The following is a fact about Markov chains that came up in a game theory paper. The purpose of this question is to ask if related notions or similar results are found elsewhere in probability, or are of interest to probabilists.
Fix a finite state space $S$. Let $K(\cdot,\cdot)$ denote the transition kernel of an ergodic, reversible Markov process on $S$, and $\pi$ the associated ergodic distribution. A set $E \subseteq S$ is called $p$-cohesive if, for every $x \in E$, we have $K(x,E)\geq p$: the probability of staying within $E$ conditional on being in it is at least $p$.

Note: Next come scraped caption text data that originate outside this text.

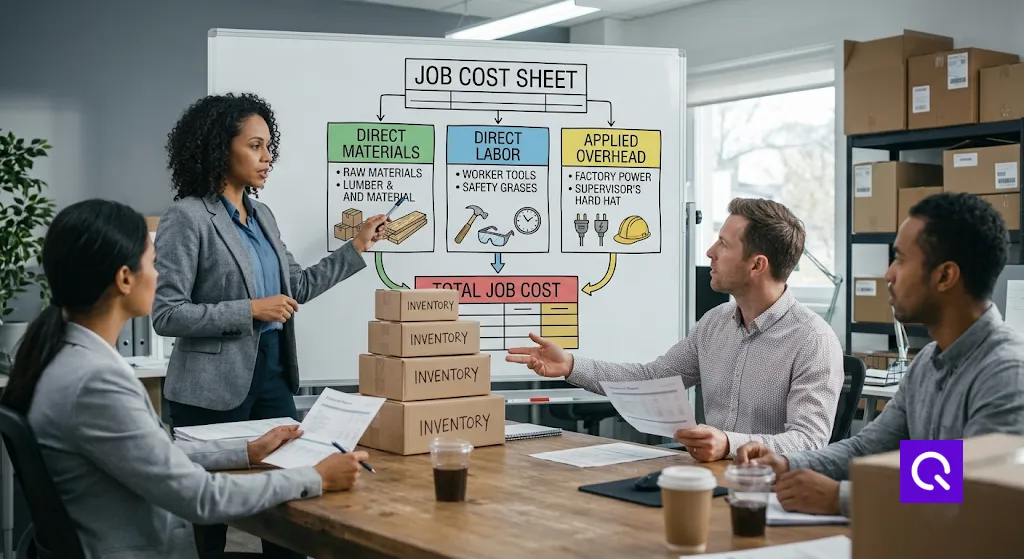 Job cost sheet showing direct materials, direct labor, and applied overhead combining into total job cost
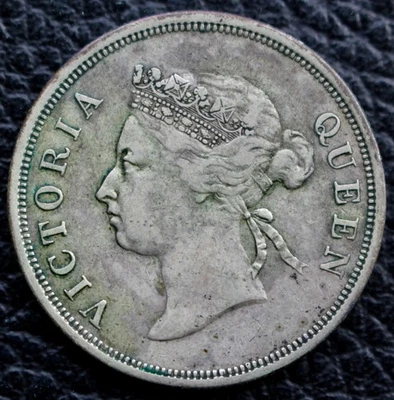 1889 STRAITS SETTLEMENTS (British Malaysia) 50 CENTS .800 SILVER-Queen Victoria - Image 1 of 4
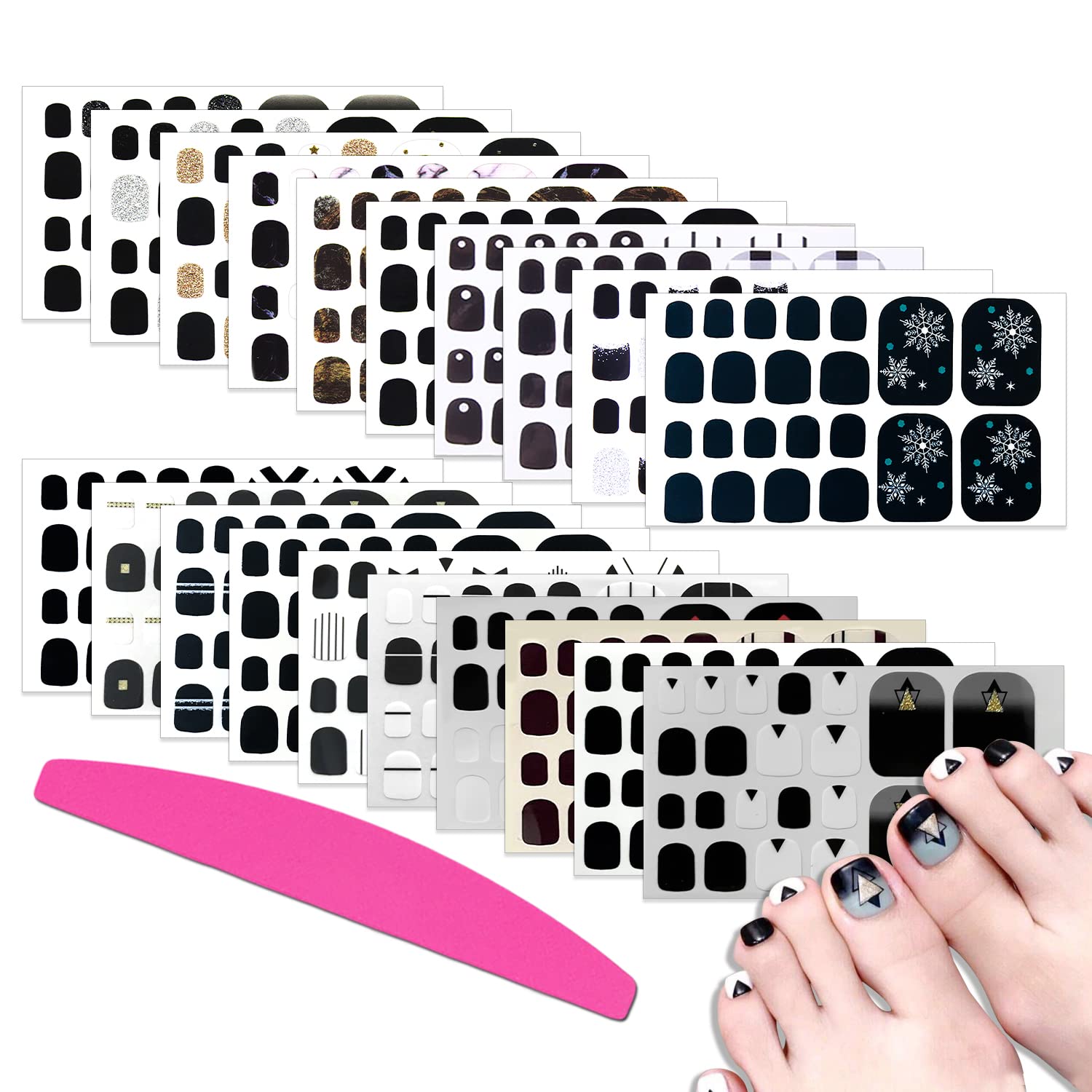 Black Self-Adhesive Gel Nail Polish Strips for Women – 20 Sheets Toe Nail Wraps with Nail File | Easy DIY Manicure & Pedicure for Parties, Weddings, and Daily Wear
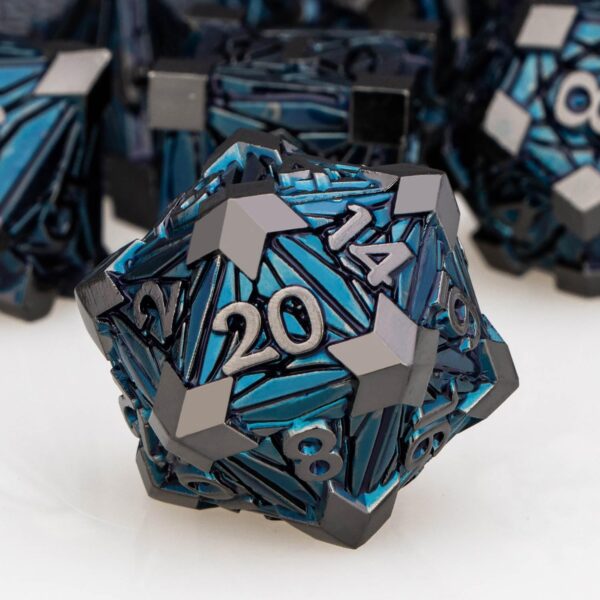 7PCS Metal DND Dice Set Black Blue D&D Dice with Box, Debris RPG D and D Dice Dungeons and Dragons Role Playing Game Polyhedral Dice Set D20 D12 D10 D8 D6 D4 - Image 2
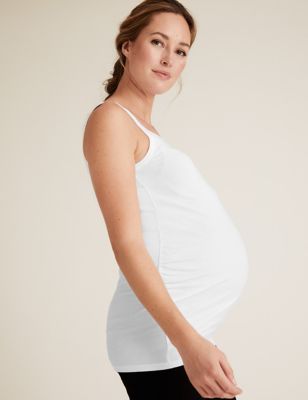Maternity 2 Pack Cotton Fitted Vest Tops, M&S Collection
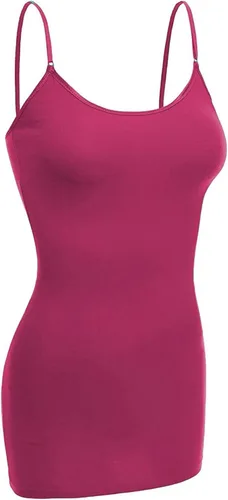 Vista 96 de Emmalise Camisola larga casual básica para mujer, con tirantes ajustables, top en capas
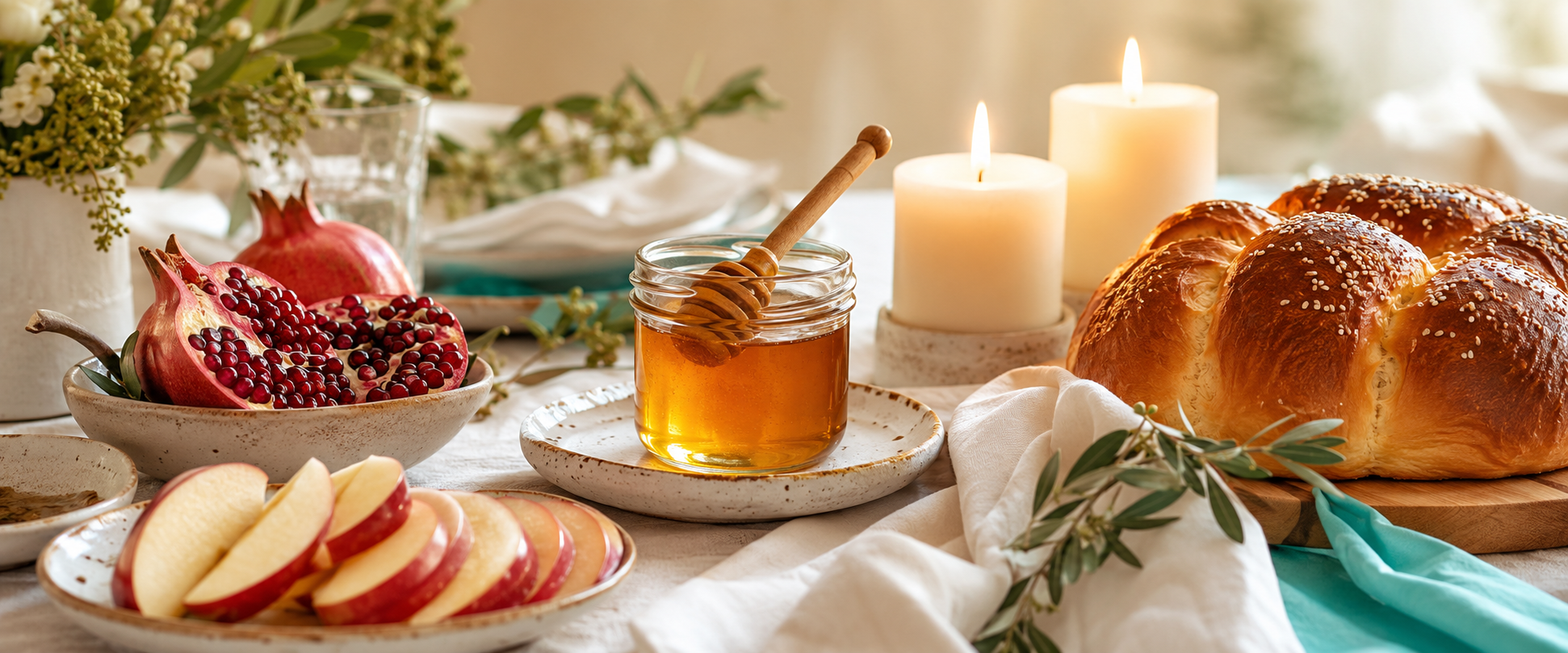 A festive Rosh Hashanah dinner table with apples, honey, pomegranates, and candles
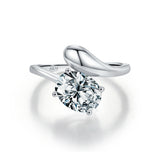 925 Sterling Silber Ring mit funkelndem ovalem Zirkon für Frauen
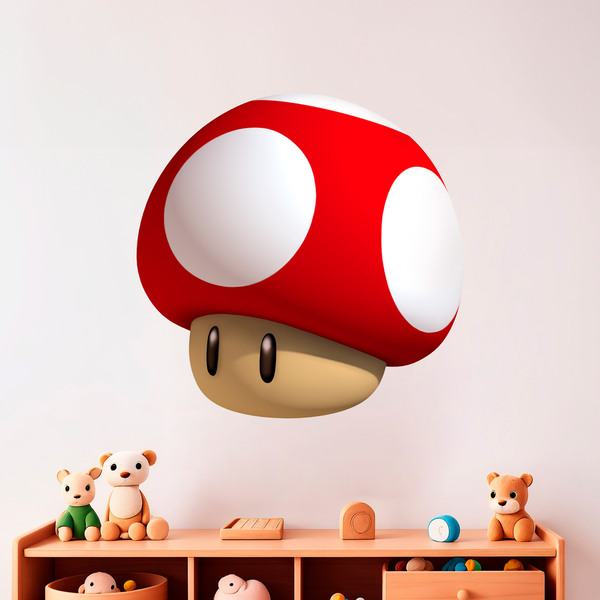 Adesivi per Bambini: Super fungo rosso di Mario Bros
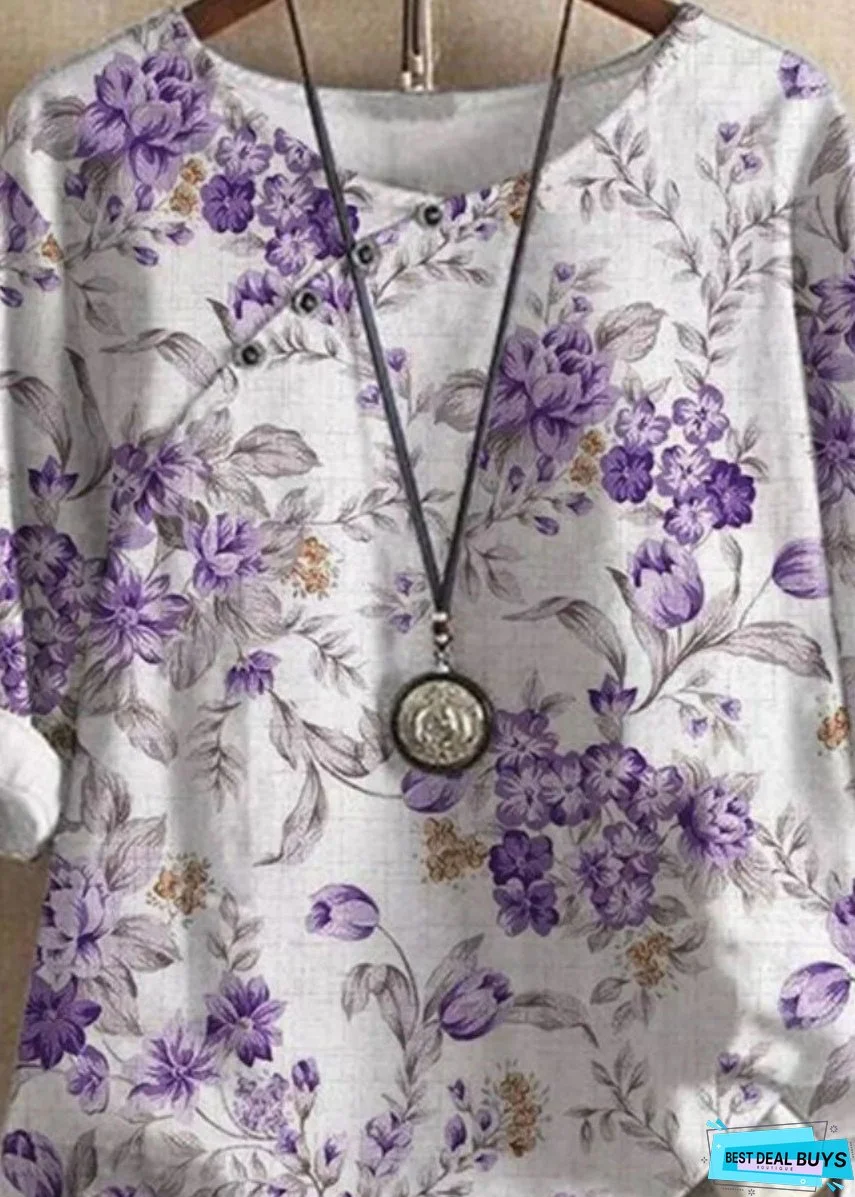 Women Purple O Neck Print Patchwork Linen T Shirts Tops Summer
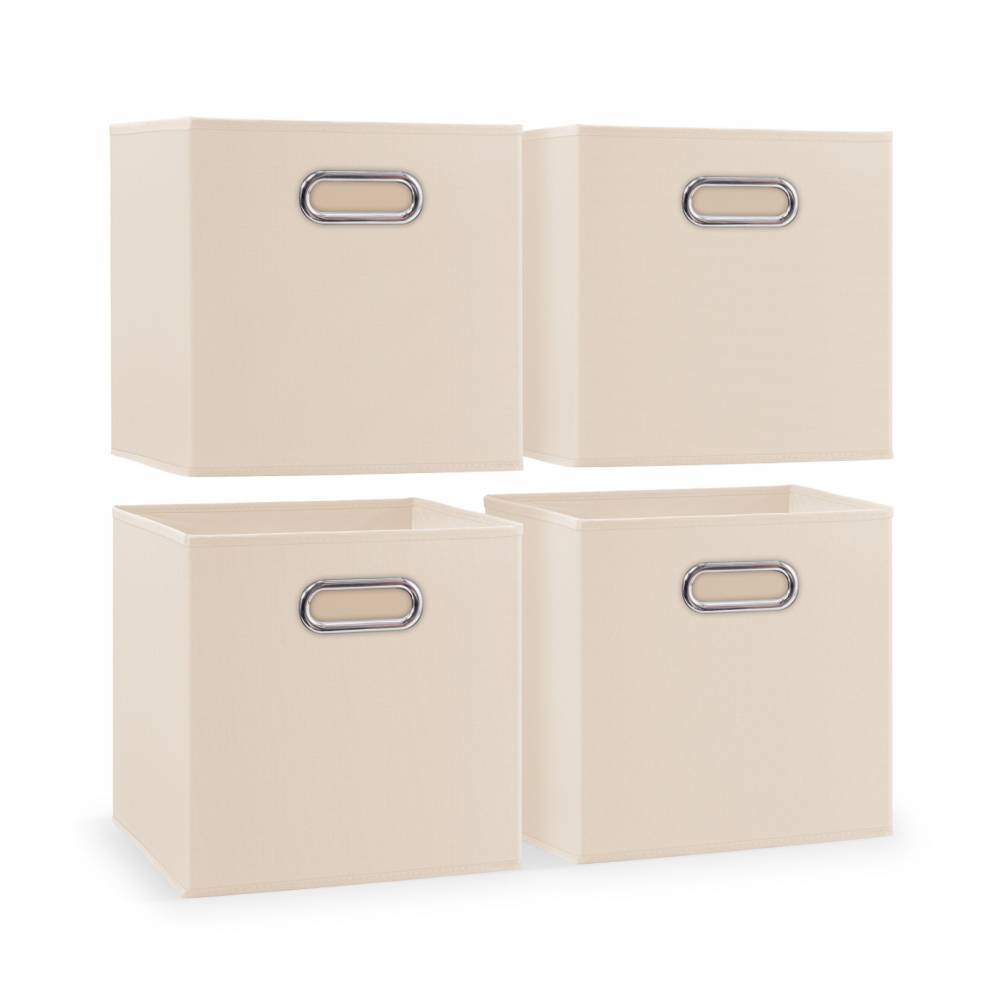 Woodluv Set of 4 Linen Storage Foldable Collapsible Baskets, Beige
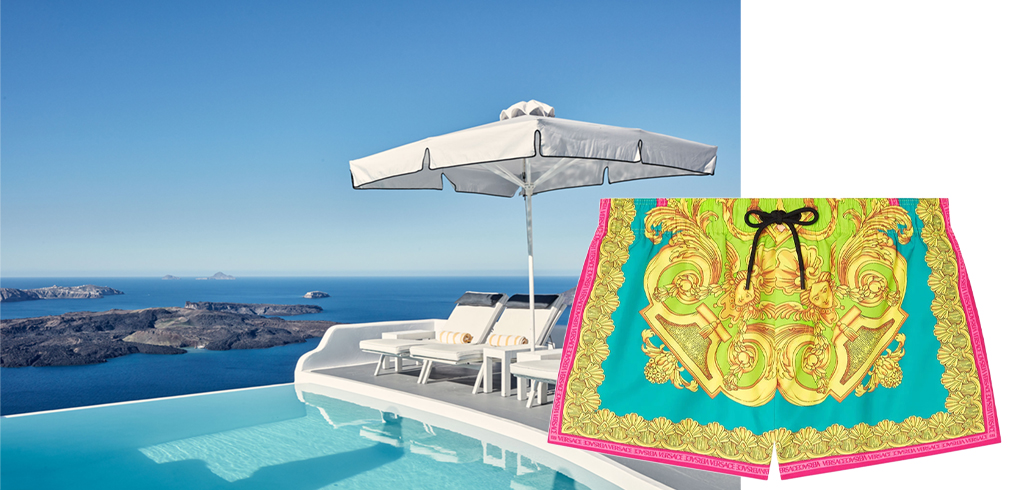 Hotel Katikies Chromata y bañador hombre Versace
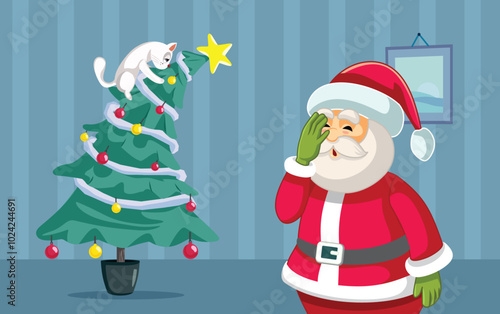 Santa Exasperated by Christmas Tree Cat Accident Vector Cartoon. Stressed Santa Claus looking at his kitty destroying Xmas décor 
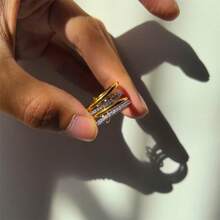 VKHK 1 件创意 18K 镀金不锈钢锆石装饰多层圆环单戒指适合女士男士情侣日常佩戴和礼物 - 創意戒指 - 查看 3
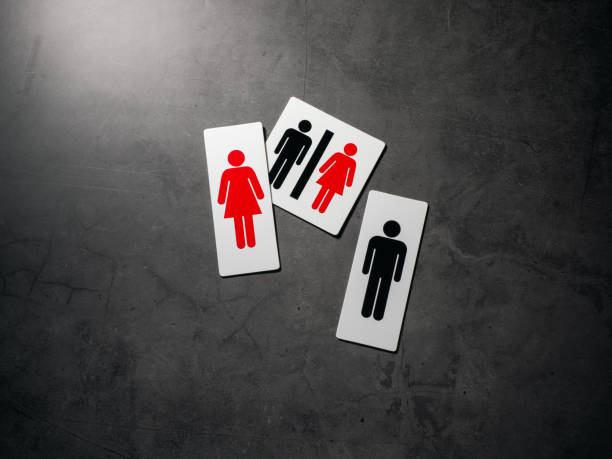 istock Restroom sign on darke background 2150808537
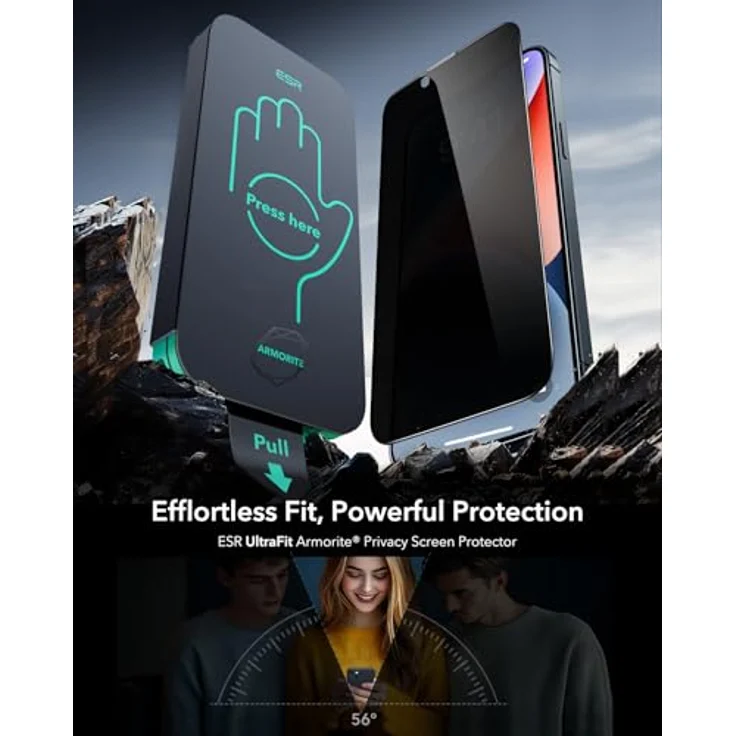 ESR Armorite Antispy Displayschutzfolie für iPhone 14 Plus/iPhone 13 Pro Max, gehärtetes Glas, blasenfrei, militärnorm Schutz, 3 Stück – Bild 2
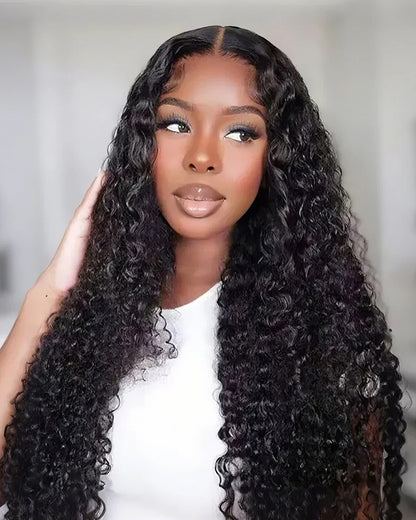 4x4 Glueless Lace Water Wave Lace Closure Natural Black Human Hair Wig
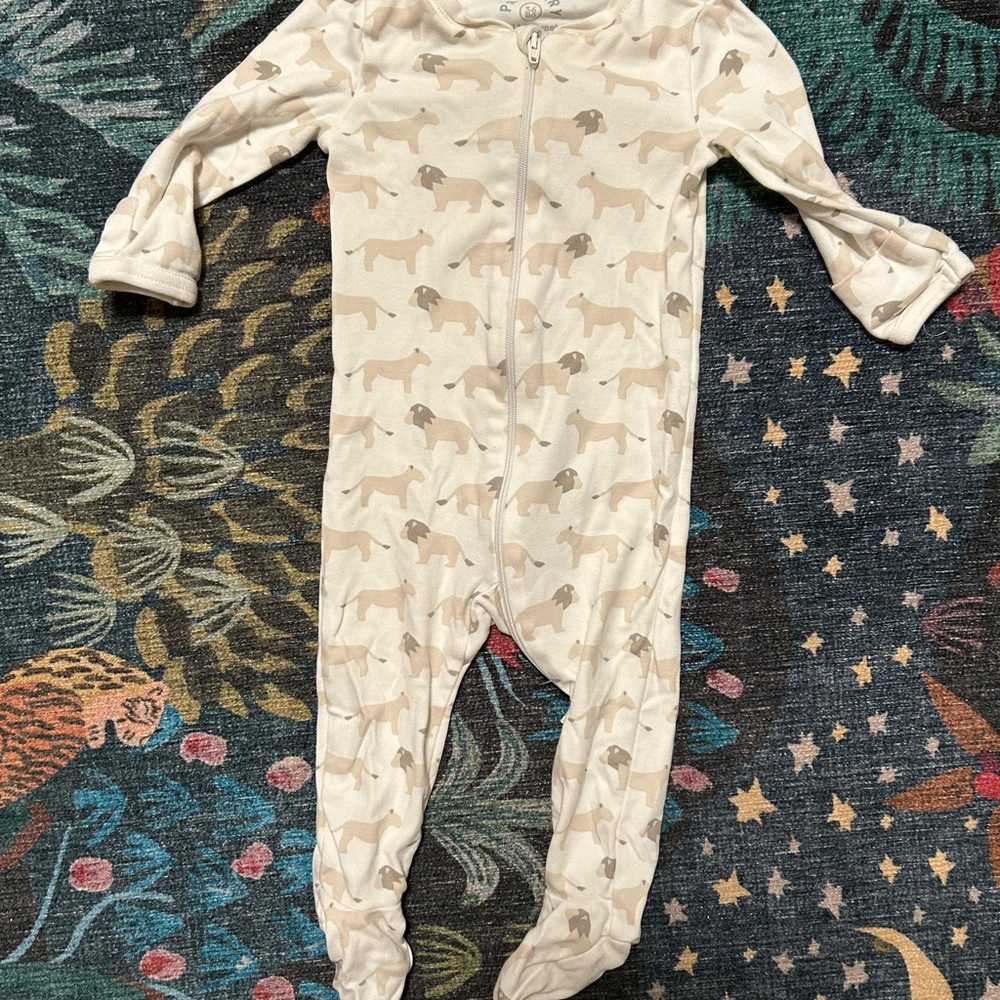 Primary Cream and Brown Footie Pajamas with Soft Comfort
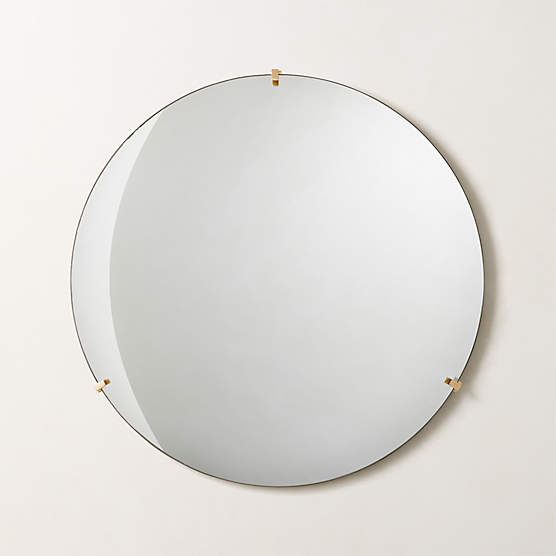 Vidro Convex Brass Round Wall Mirror 32"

Proposition. Fix $p<1/2$ and $\delta >0$. There is an $\epsilon>0$ such that, for any kernel $K$ and set $E$ so that $\pi(E)\geq 1-\epsilon$, there is a $p$-cohesive $F \subseteq E$ with $\pi(F)\geq 1-\delta$. Thus, if in the long run the chain spends a lot of time in $E$, then there is some subset of $E$ in which it also spends a lot of time, and from which the exit probability is bounded.
This is tight in the sense that for any $p> 1/2$, there is an ergodic, reversible Markov chain with no proper, nonempty $p$-cohesive sets (e.g. symmetric random walk on the integers, reflected at two boundaries).
I would be very grateful for pointers on things to read to find connections in the probability literature.